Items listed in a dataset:
──────
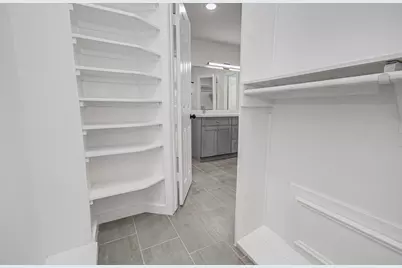 21110 Harvest Hill Lane, Houston, TX 77073 - Photo 30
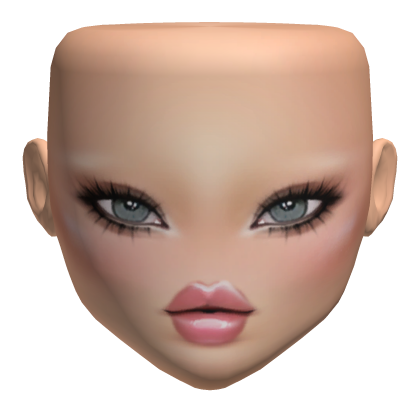 Eunha thumbnail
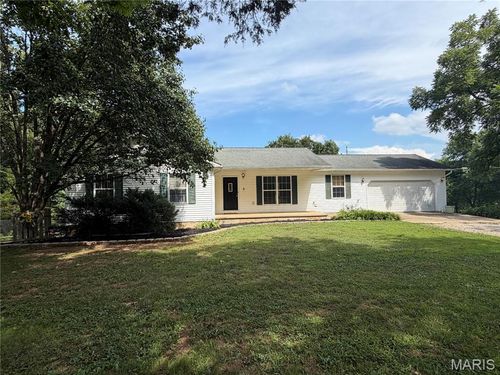 18780 Highway Y, Dixon, MO, 65459 | Card Image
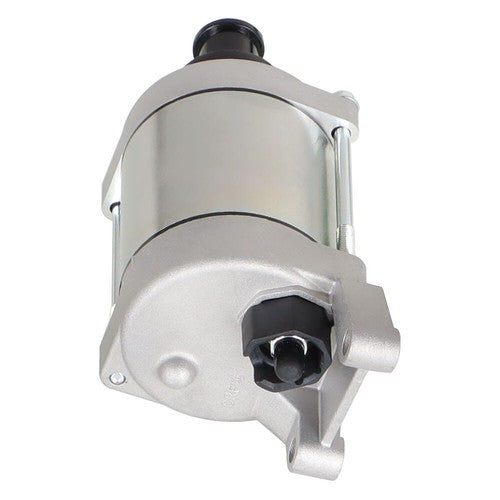 Solid Spare NEW Engine Starter Motor For 2009-2020 Yamaha YFZ450R YFZ450R SE 449cc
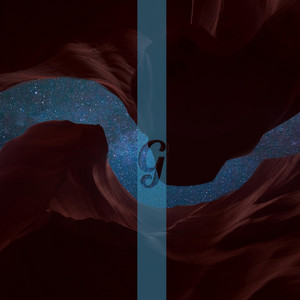 Canción Sincera by Daniel Razo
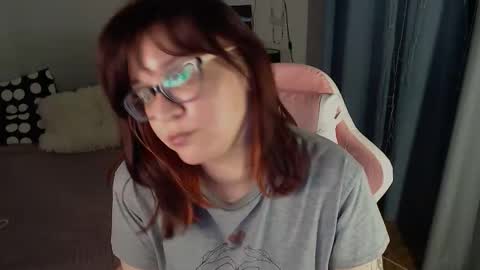 Snapshot of millapoolys chatting on March 2026 03:50:01 PM Milla online show from March 2026 03:50:01 PM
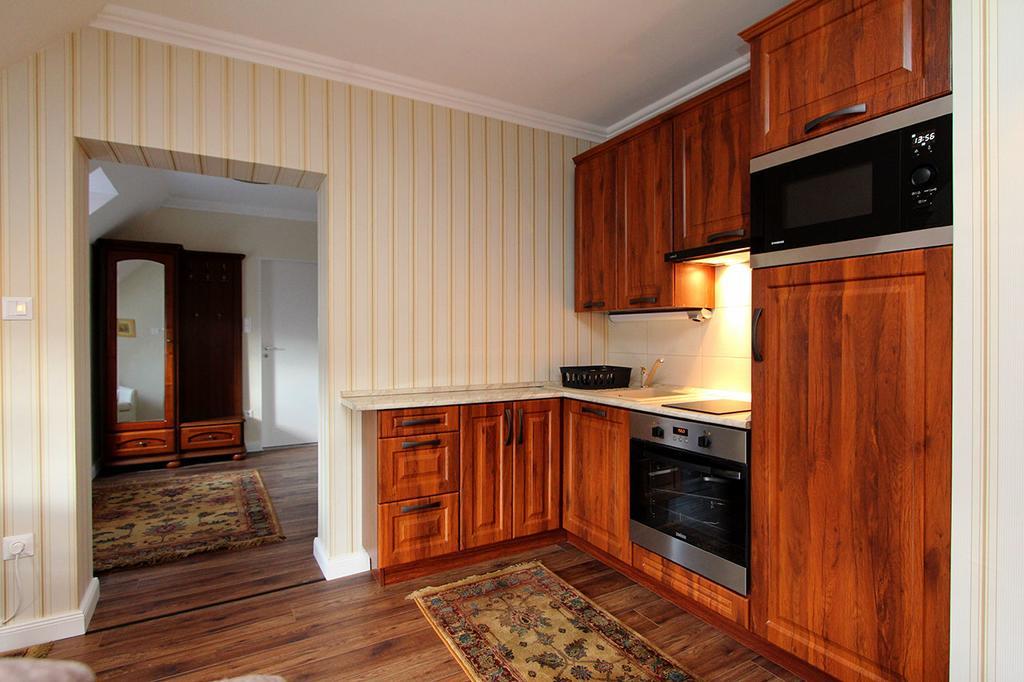 Good Luck Apartment Heviz Exterior photo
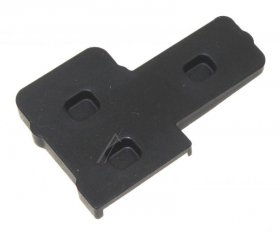 Sealing Materials - 12676000004883 Sealing Gasket [Midea]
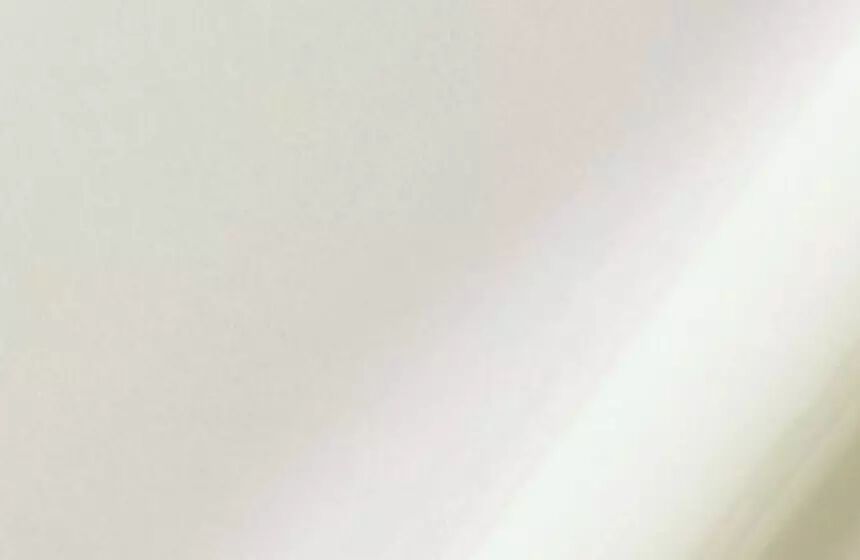 Antioxidants SkinCeuticals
──────
» **To do**
A precise repetition of every entry, free of pictures, is the expected answer.

» **Exercise output**
 21110 Harvest Hill Lane, Houston, TX 77073 - Photo 30
 Eunha thumbnail
 18780 Highway Y, Dixon, MO, 65459 | Card Image
 Solid Spare NEW Engine Starter Motor For 2009-2020 Yamaha YFZ450R YFZ450R SE 449cc
 Canción Sincera by Daniel Razo
 Snapshot of millapoolys chatting on March 2026 03:50:01 PM Milla online show from March 2026 03:50:01 PM
 Good Luck Apartment Heviz Exterior photo
 Sealing Materials - 12676000004883 Sealing Gasket [Midea]
 Antioxidants SkinCeuticals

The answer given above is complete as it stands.